WebSocket Interfaces

VersionModePath
V1Binary unidirectional streamGET /volcark/openspeech/api/v1/tts/ws_binary?channel_id=<channel_id>
V3Unidirectional streamGET /volcark/openspeech/api/v3/tts/unidirectional/stream?channel_id=<channel_id>
V3Bidirectional streamGET /volcark/openspeech/api/v3/tts/bidirection?channel_id=<channel_id>

Credential Injection

Your administrator configures TTS credentials in the VolcArk channel’s custom_parameter.tts field:
{
  "tts": {
    "v1": {
      "token": "<v1_access_token>"
    },
    "v3": {
      "app_id": "<X-Api-App-Id>",
      "access_key": "<X-Api-Access-Key>",
      "resource_id": "seed-tts-1.1"
    }
  }
}
  • V1 token: If Authorization is absent from your request, Fhddos auto-sets Authorization: Bearer;<token> on the upstream call.
  • V3 credentials: If X-Api-App-Id, X-Api-Access-Key, or X-Api-Resource-Id are absent, Fhddos injects them from the channel config.
If you prefer to pass credentials directly in your request headers (e.g. for testing), Fhddos won’t overwrite headers you’ve already set.

V1 Non-Streaming HTTP

The V1 endpoint synthesizes the full audio in one shot and returns it as a base64-encoded string:
curl -X POST "$BASE_URL/volcark/openspeech/api/v1/tts?channel_id=123" \
  -H "Authorization: Bearer $TOKEN" \
  -H "Content-Type: application/json" \
  -d '{
    "app": {
      "appid": "appid123",
      "token": "any_non_empty_string",
      "cluster": "volcano_tts"
    },
    "user": {
      "uid": "uid123"
    },
    "audio": {
      "voice_type": "zh_male_M392_conversation_wvae_bigtts",
      "encoding": "mp3",
      "speed_ratio": 1.0
    },
    "request": {
      "reqid": "550e8400-e29b-41d4-a716-446655440000",
      "text": "Hello from Volcengine TTS",
      "operation": "query"
    }
  }'
The response body follows the official Volcengine format, containing code, message, data (base64 audio), sequence, and addition.

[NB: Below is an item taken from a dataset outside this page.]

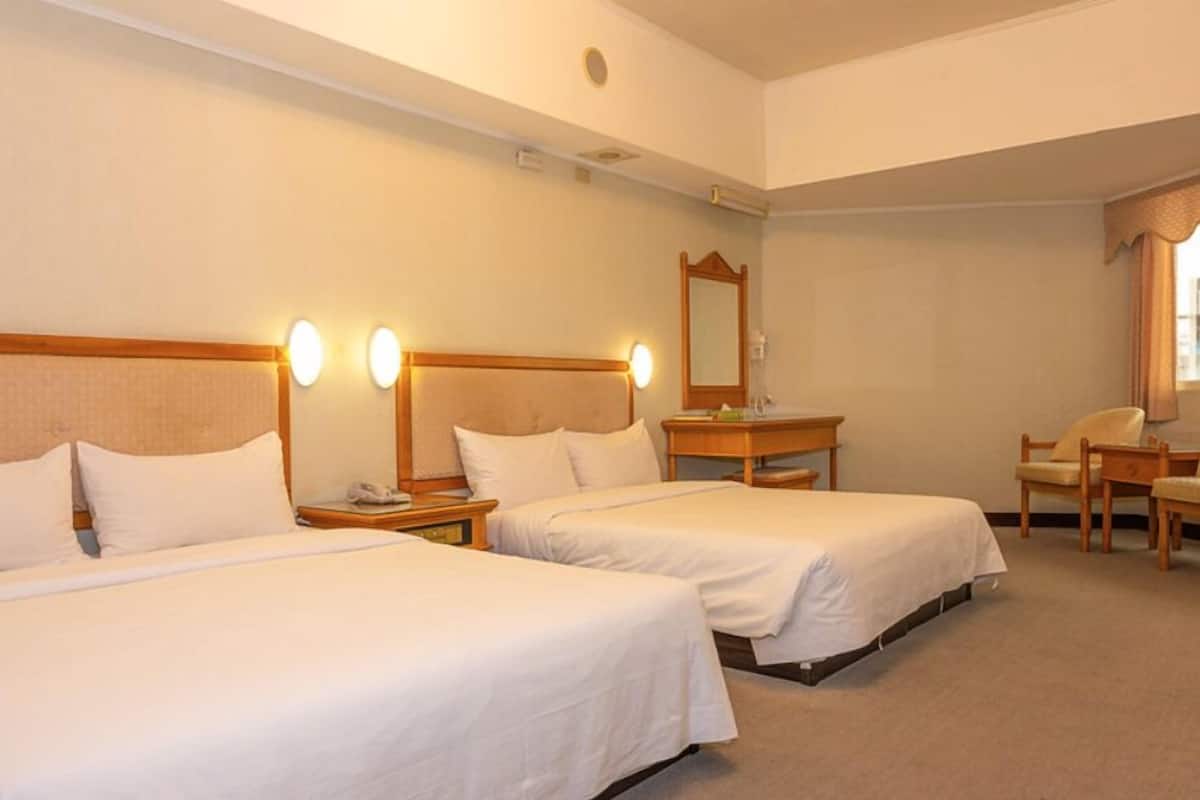 A hotel room with two single beds, a wooden headboard, bedside tables with lamps, a mirror, a chair, and a desk.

V3 HTTP Unidirectional Streaming

The V3 streaming endpoint delivers audio in multiple JSON chunks over an HTTP stream. Each chunk contains a base64-encoded audio segment:
curl -N "$BASE_URL/volcark/openspeech/api/v3/tts/unidirectional?channel_id=123" \
  -H "Authorization: Bearer $TOKEN" \
  -H "Content-Type: application/json" \
  -H "X-Control-Require-Usage-Tokens-Return: text_words" \
  -d '{
    "user": {
      "uid": "12345"
    },
    "req_params": {
      "text": "Welcome to Fhddos, your unified AI model gateway.",
      "speaker": "zh_female_shuangkuaisisi_moon_bigtts",
      "audio_params": {
        "format": "mp3",
        "sample_rate": 24000
      }
    }
  }'
Set X-Control-Require-Usage-Tokens-Return: text_words to receive a usage field in the final chunk that shows the billable character count. Fhddos passes X-Tt-Logid through the response headers to help with debugging.

V3 Long-Text Async Tasks

For long texts, use the two-step submit/query flow.

Step 1: Submit

curl -X POST "$BASE_URL/volcark/openspeech/api/v3/tts/submit?channel_id=123" \
  -H "Authorization: Bearer $TOKEN" \
  -H "Content-Type: application/json" \
  -d '{
    "user": {"uid": "12345"},
    "unique_id": "5dad8cff-aa5d-496d-a83e-e9c902f4d460",
    "req_params": {
      "text": "This is a longer text that will be synthesized asynchronously by Volcengine TTS.",
      "speaker": "zh_male_bvlazysheep",
      "audio_params": {
        "format": "mp3",
        "sample_rate": 24000
      }
    }
  }'
Response:
{
  "code": 20000000,
  "data": {
    "req_text_length": 11,
    "task_id": "e7438a29-ed47-4ef8-98a6-0a10a503d8b0",
    "task_status": 1
  },
  "message": "ok"
}

Step 2: Query

Poll using the task_id returned from submit:
curl -X POST "$BASE_URL/volcark/openspeech/api/v3/tts/query?channel_id=123" \
  -H "Authorization: Bearer $TOKEN" \
  -H "Content-Type: application/json" \
  -d '{
    "task_id": "e7438a29-ed47-4ef8-98a6-0a10a503d8b0"
  }'
When complete, the response includes:
FieldDescription
audio_urlTime-limited signed URL to download the synthesized audio file
sentencesSentence-level and character-level timestamps
req_text_lengthOriginal input character count
synthesize_text_lengthActual synthesized character count
task_status1 = Running, 2 = Success, 3 = Failure
Fhddos does not modify any of these fields. Parse them directly using the Volcengine official documentation.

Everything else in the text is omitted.